Although I suspect she’d also scorn “performance poet” in its current understanding, those who have heard her read lately enthuse about her soundscapes; poetry beyond words. Quoted on the jacket by Jen Hadfield, she might self-define as “an old throat from the other side”. These words are consistent. From the title on, with its hyphenated, and intentionally equal pairing, Strang makes her case. Bird-Woman opens with the dedication “for my family, blood-related and not, human and not”, and over the page, before the first poem, are the lines:
chook, chook, tchink, tchink, tchink
–Blackbird
which testify to her refusal of normally-accepted hierarchies. Strang rejects “nature poet”, considering “nature” a human-generated binary, a them and us which removes our own species from the mix.

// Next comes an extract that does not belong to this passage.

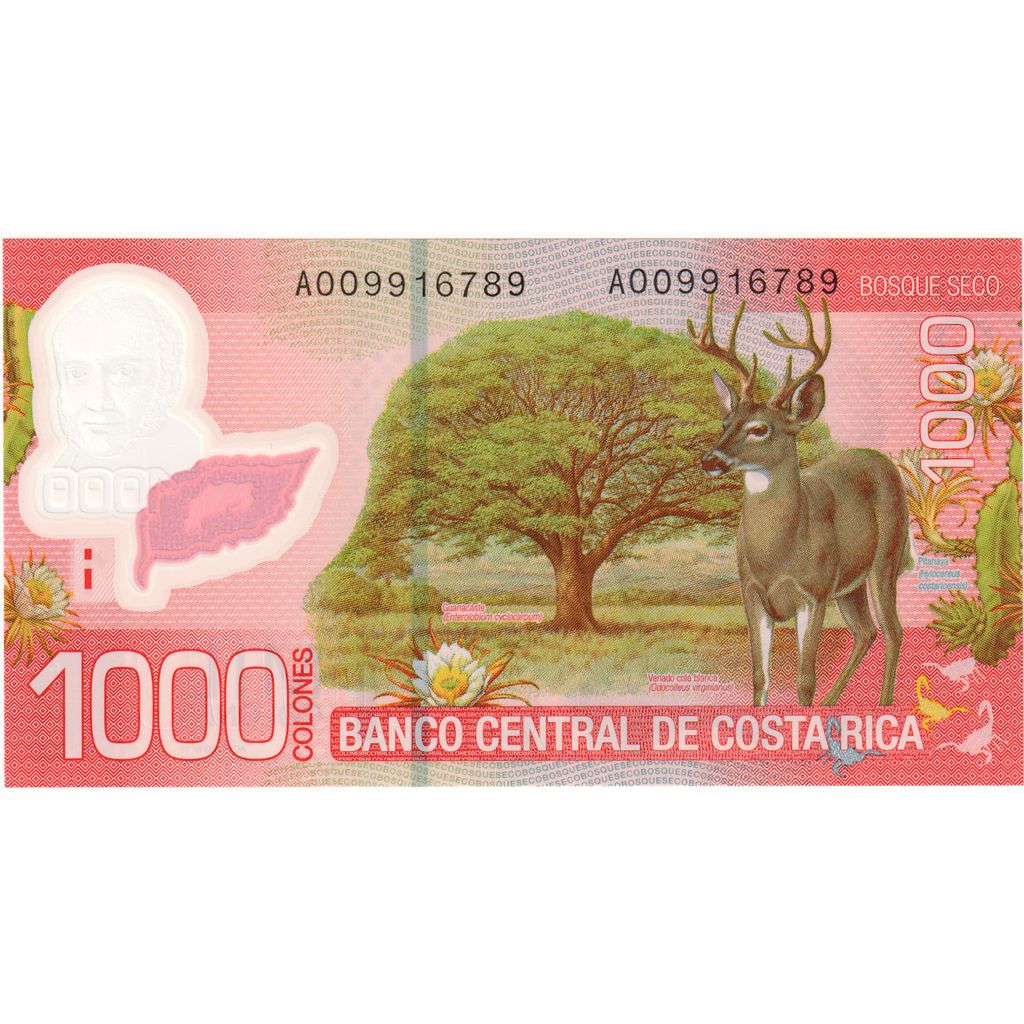 Costa Rica, 
  
  1000 de coloni, 
  
  2009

There’s nothing inside this morning
but a blackbird.
He’s pecking steadily into my eye-socket,
the yellow beak’s fidelity
making a clean meal of my eye’s meat.
But it’s OK.
It’s good to be useful.(The Feast)
You might consider this surreal, you might think it ironic; with an opening quotation from a contemporary Syrian poet, fairly you might have weighed up the political. Jim Stewart had also rejected the label “nature poet” for himself, despite his beautiful verse so often being grounded there. “John Clare was a nature poet”, he believed, and likely Clare would have found that label a good fit. Ted Hughes, by comparison, “used nature to explore his own cruelty” through poetry. Em Strang ‘s lines also explore cruelty, though not particularly her own.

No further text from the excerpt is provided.